共通テストに向けてどのような学習を行えばよいのか、河合塾講師からの学習アドバイスをご紹介します。また、共通テストの設問別分析や平均点の推移などをまとめていますので、ぜひ参考にしてください。

河合塾講師からの学習アドバイス

物理基礎学習アドバイス

2024年度共通テストは、グラフの選択問題や日常で観察する物理現象に関する実験を題材とする問題が2023年度同様出題され、毎年出題されているやや複雑な数値計算や文字計算も出題されました。また、2023年度には出題されなかった会話文形式で総合的に考察する問題が復活しました。この4年間での出題形式はさまざまなかたちをとっています。2025年度もまた、会話文形式の融合問題などが出題される可能性もあります。以上のことから、次のようなポイントを意識して、学習していくとよいでしょう。

1.実験を行う/実験の方法を学ぶ
学校などで実験する機会があれば、実験器具や実験データの取り扱いを学ぶことができます。実際に経験すれば、理解もしやすく印象にも残ります。特に、教科書に記載されている探究活動は積極的に取り組みましょう。
実際には実験できなかったという場合もあるでしょう。
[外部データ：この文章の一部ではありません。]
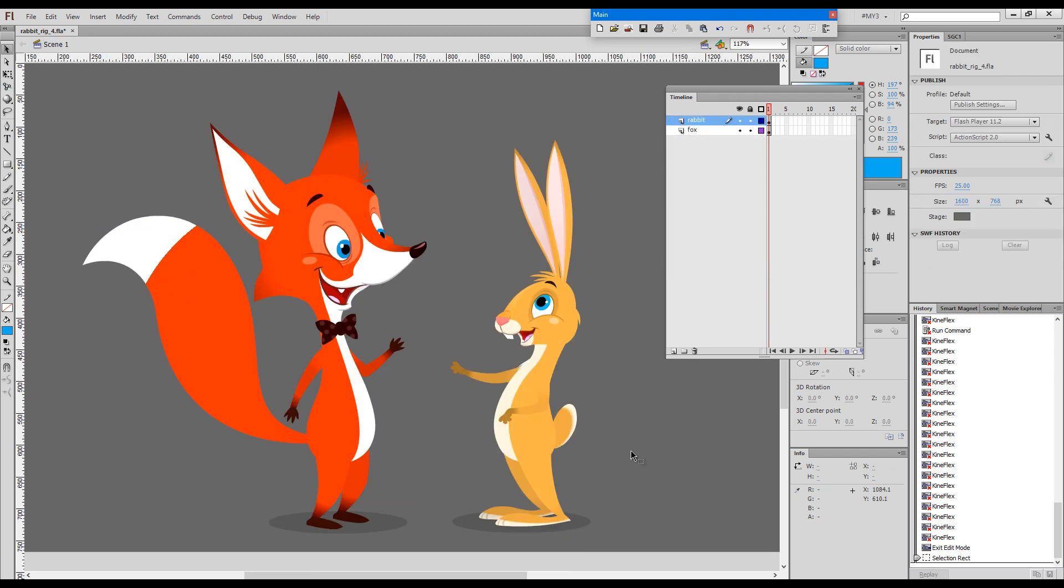All right, this is it. My job is done. Both of our characters are now fully functional smart magnet rigs. Both of them have different mouth positions and blinks, various facial expressions. And you have now completed this short course and should know how to build your own, starting from a sketch and then going through the joint analysis, creating the symbol structure and filling your symbols with content. I really hope that this was helpful, and thank you for watching.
物理基礎では、問題の難易度は抑えてあるので、意識的に学習すれば、今回の共通テストのような実験を題材にした問題からも十分に学ぶことができます。
2.論理的思考の訓練をする
「会話文における考察の空所補充問題」などでは、考察の論理の流れをつかむことが重要です。もし受験生が詳しくない内容を扱っていても、文章を読むことによってその場で理解できるようにつくられているはずです。日々の学習においても、ただ知識をつけてそれをもとに答える単純作業だけでなく、「論理的に、順を追って考える」ことや「いま成り立つことと成り立たないことを、しっかり認識する」ことを心掛けましょう。
3.根幹は、これまで通りの基本を大切にした学習
新傾向の問題でも、解くときに用いるのは物理基礎の法則や公式です。法則や公式が正しく理解できていなければ、すべてを正解することはできません。また、これまでもよく見られた従来型の問題も出題されています。まずは基本法則・公式をしっかり学習しましょう。教科書の探究活動にある実験は出題の可能性が高いので積極的に取り組み、そのデータをノートに記載し解析する練習が大切です。その際の数値計算では有効数字を意識した計算練習もしておきましょう。教科書を読むだけでは力になりません。問題演習を通じて、理解が深まり定着していきます。基本~標準レベルの典型問題を演習し、学んでいきましょう。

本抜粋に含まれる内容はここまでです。